Random Acts of Training #4

2015.Jan.12 Monday · 0 comments

in Life, Restaurants

It was another roll of the dice and this time, once again, the Mitre train line headed to Tigre, and the stop… Acassuso. Now, I’ve been to this little ‘burb a couple of times and even gave it a little writeup awhile back. I remember (and have a couple of photos on the blog to prove it), walking from the station down Av. Peru, past the Tren de la Costa station (these days called Barrancas, though at one time apparently El Anticuario, probably having to do with the weekend flea market), and on to Peru Beach. I know that that time I took a lot more photos, but, for some reason, I appear not to have a backup of the entire month of May 2008’s photos, either on disk or Flickr, which is annoying – I’ll have to do a bit more searching at some point.

This time, of course, the goal was a meander along the way (perhaps I should have gone a different direction this time around and seen another part of Acassuso, but on a Sunday, pretty much the only thing open is Peru Beach, so I headed that way again), and, of course, somewhere to eat. That, and Peru pretty much cuts straight through the center of Acassuso, it’s not like it’s a huge barrio.

Not much of a train station on the Mitre line.

The pretty little traffic rotunda at Peru and Santa Fe – in the background, the San Isidro Hipodromo, but that’s actually across the border into a different barrio.

Our old pal Sarmiento. He does get around.

Heading onto Av. Peru.

A monument to the local firefighters.

Peru heads downhill towards the eponymous beach. Most of the homes here are mansions, hidden away behind high walls.

The Tren de la Costa station is a bit prettier, though the market is overcrowded. Although the new trains on the Tren de la Costa are spiffy and modern, I kind of liked the old ones better – and it’s not like they were falling apart.

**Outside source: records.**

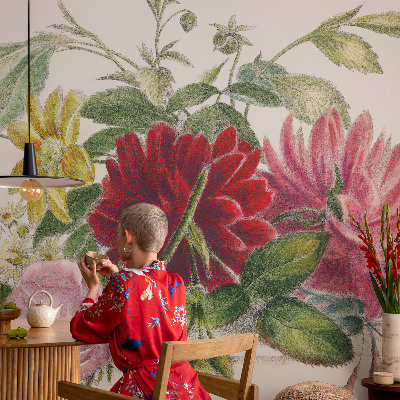 Peel and stick wall mural for bedroom with a flower bouquet design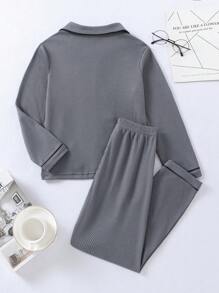 Roupão casual básico infantojuvenil masculino em Patchwork Xadrez com Botões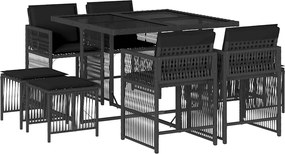 vidaXL 9 részes fekete polyrattan kerti étkezőgarnitúra párnákkal
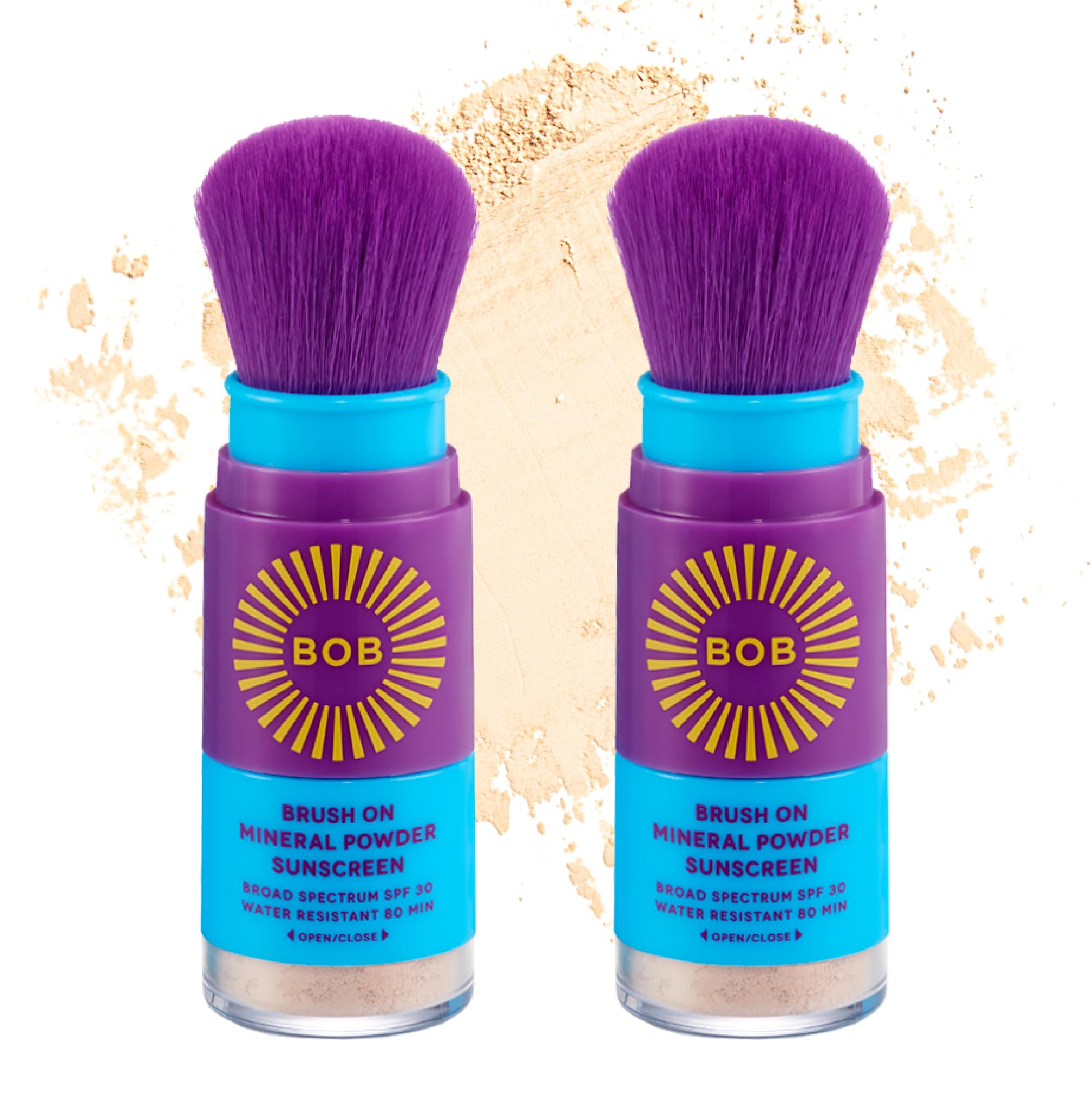 Brush On Block Bob Kids SPF 30 brush applying sunscreen for quick protection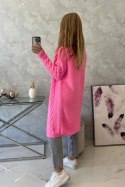 Sweter Kardigan splot warkocz jasny różowy  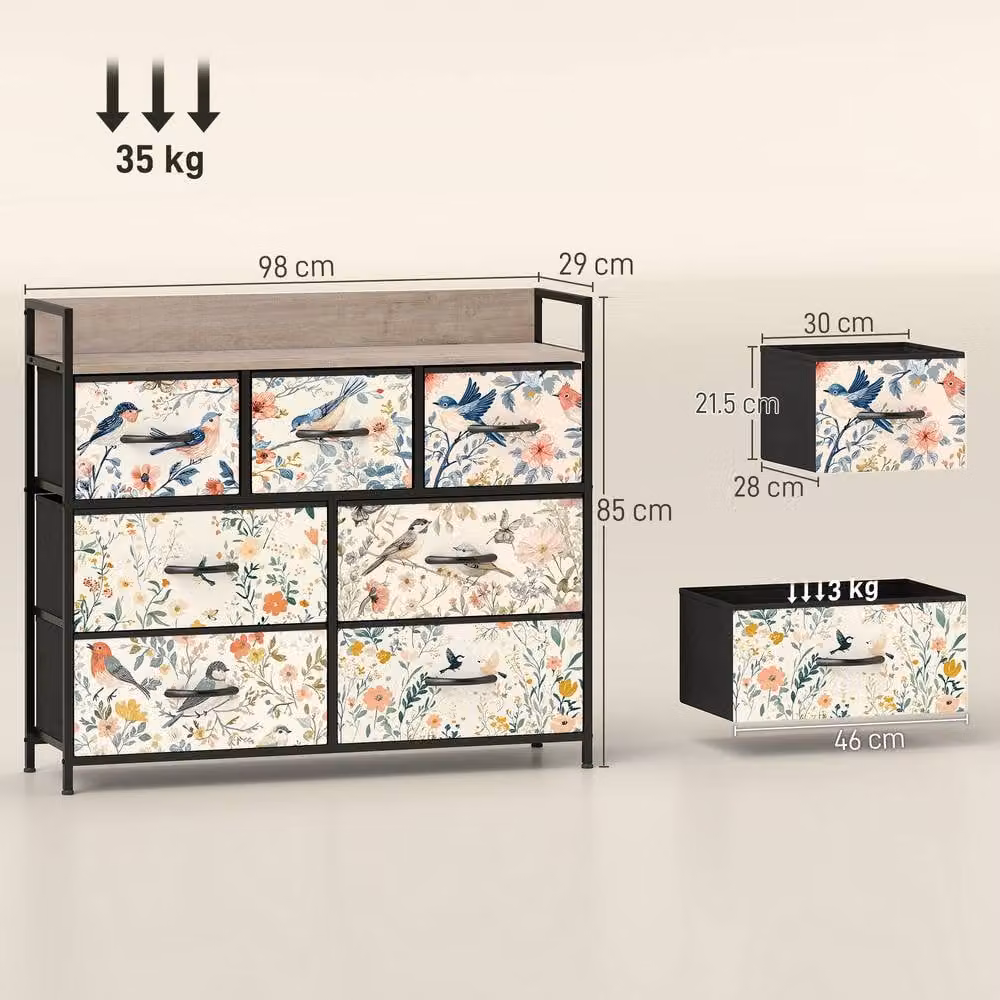 HOMCOM Multicolour Floral Fabric Chest of Drawers with Open Shelf – 3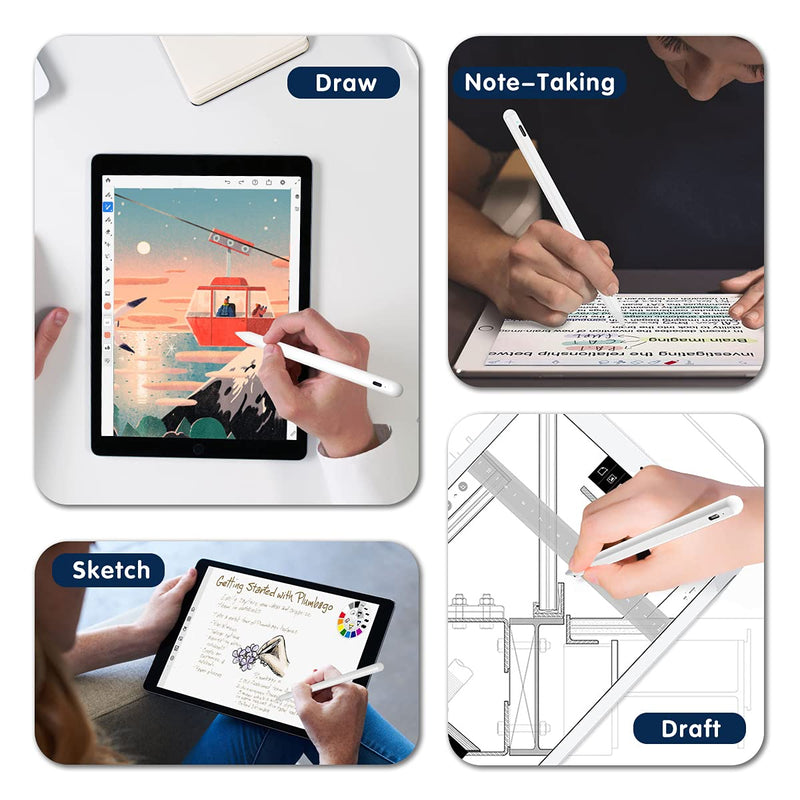 Stylus Pencil for iPad 8th Generation, Active Pen with Palm Rejection Compatible with (2018-2021) Apple iPad 8th 7th 6th Gen/iPad Pro 11 & 12.9 inches/iPad Air 4th 3rd Gen/iPad Mini 5th Gen (White) White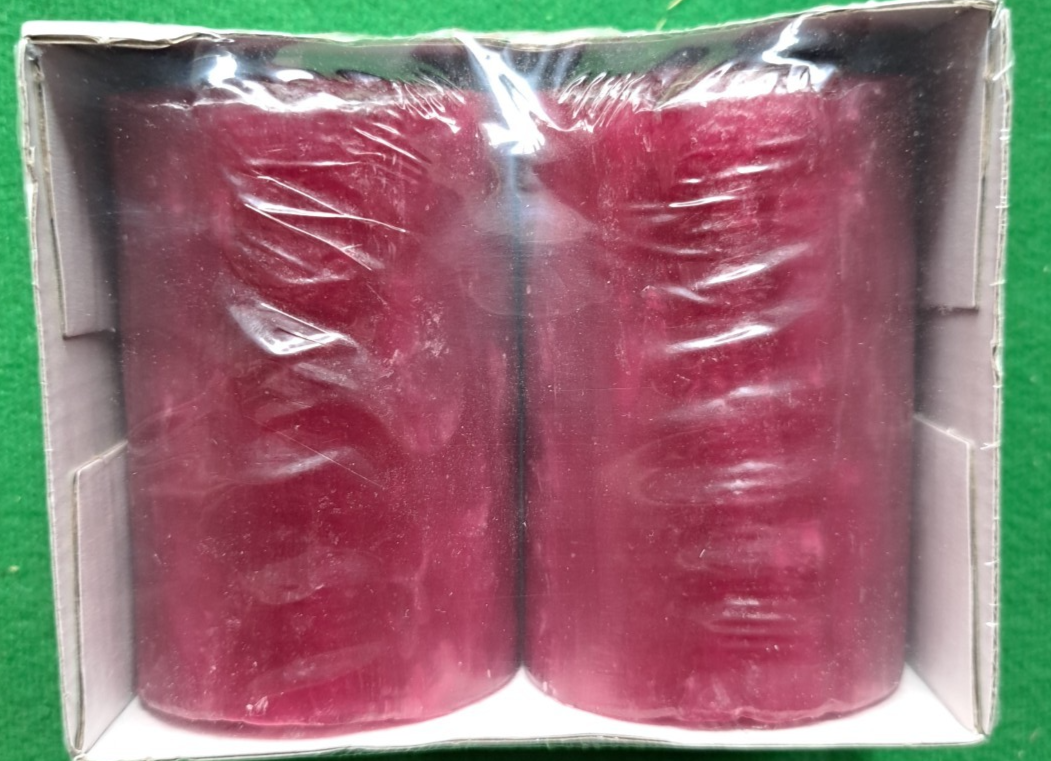 Casa Deko, 2 Stumpenkerzen, Rot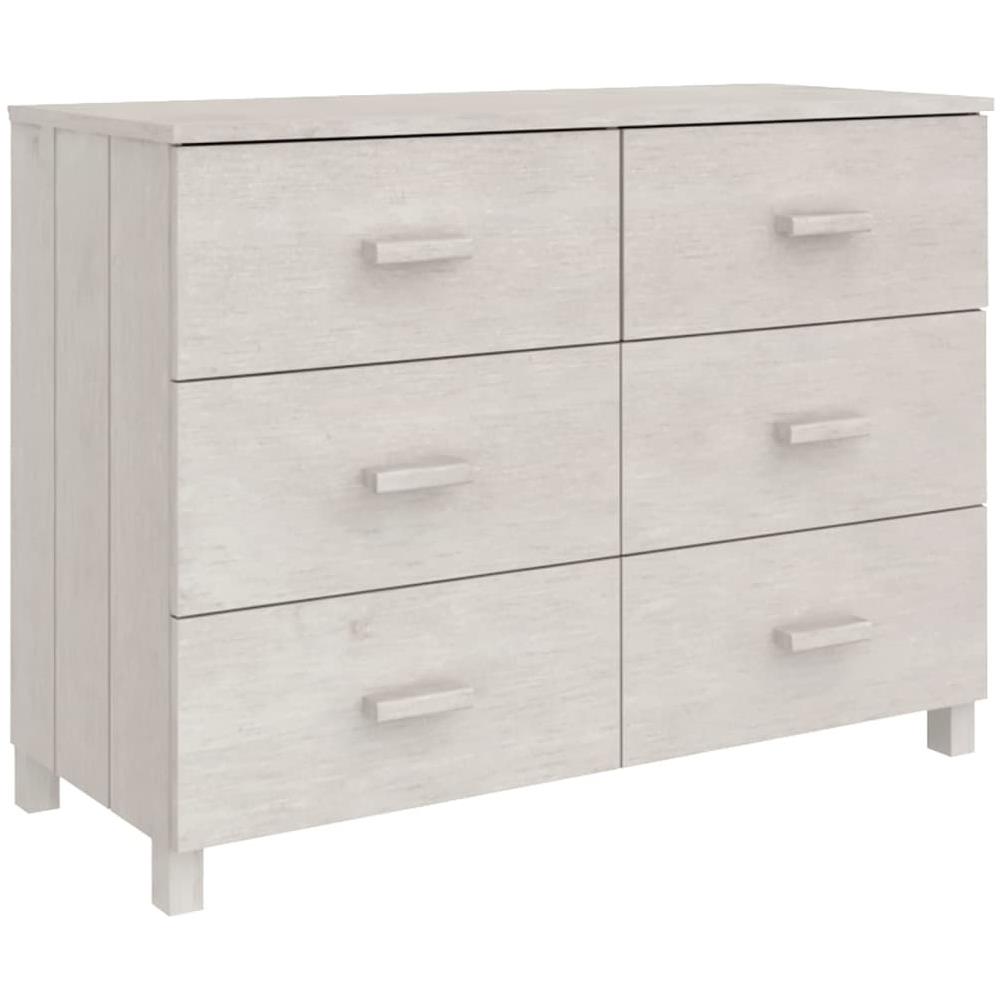 Credenza Bianca 113x40x80 Cm In Legno Massello Di Pino - Foto 2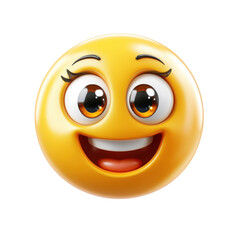 Joyful emoji expression render on transparent background face character smile happiness illustration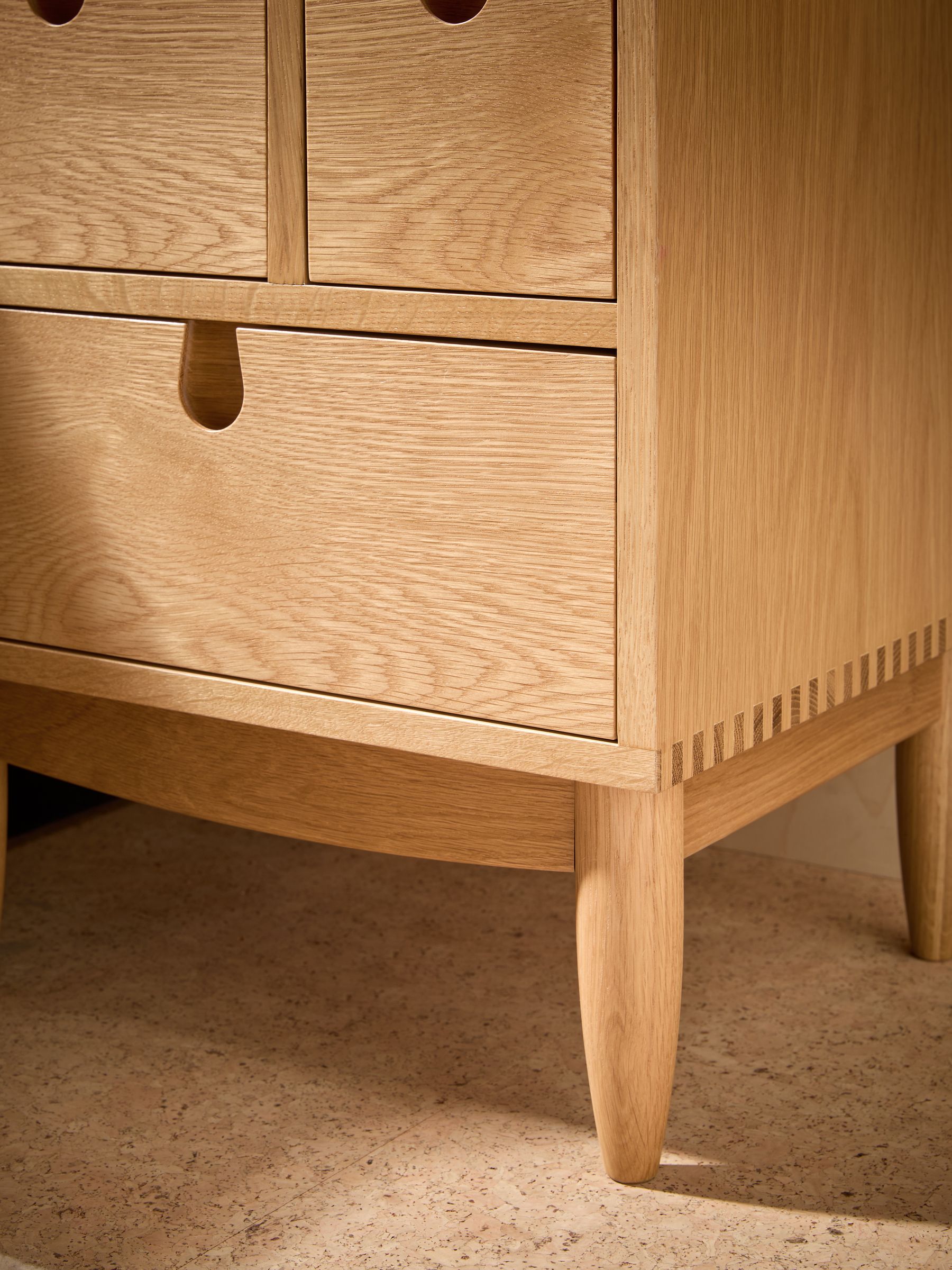 Penn 3 Drawer Bedside Table in Oak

Considering that the highest recommended spots on Foursquare seem to be Kansas and TGI Friday’s for norteamericano fare, I decided to limit it to parrillas, and two popped up (I’d also tried burgers, but both recommended places were closed, and the one French place that popped up, O’Farrell, go figure for a French restaurant, wasn’t open) – El Ñandu and El Braserito, Sebastian Elcano 538. Now, the former definitely had higher ratings, and was far more popular, with a line that stretched half a block long with people waiting, while the latter, though nearly full, I was able to grab a seat.

Most of the seating is outdoors, across the street from the restaurant, but for that, there was a wait. Given that a couple of tables were available indoors, I went that way. Service was friendly, if a bit… distracted. About half the time, my waiter was making out with one of the waitresses off in a corner.

A proper provoleta liquida, a nice start.

Then my fries arrived, but not my steak. In fact, they arrived about 20-25 minutes before my steak. They were good, but I wanted them with my steak. Hot. Not cold.

Now, the recommended steak by several folk on FS was the entraña, but they didn’t have any, just bife de chorizo (tenderloin) or bondiola (pork shoulder), I went with the former, a half portion on the waiter’s recommendation. It might be one of the fattier pieces of steak I’ve had here in Argentina, but it was also tender and well seasoned. Still, only about 2/3 of that was edible.

200 pesos with tip, not bad, not great, I was wondering what the folk standing in line a block away were going to get to eat by comparison….

Hopped on the Tren de la Costa up to Tigre, wandered a bit, then took a bus back home.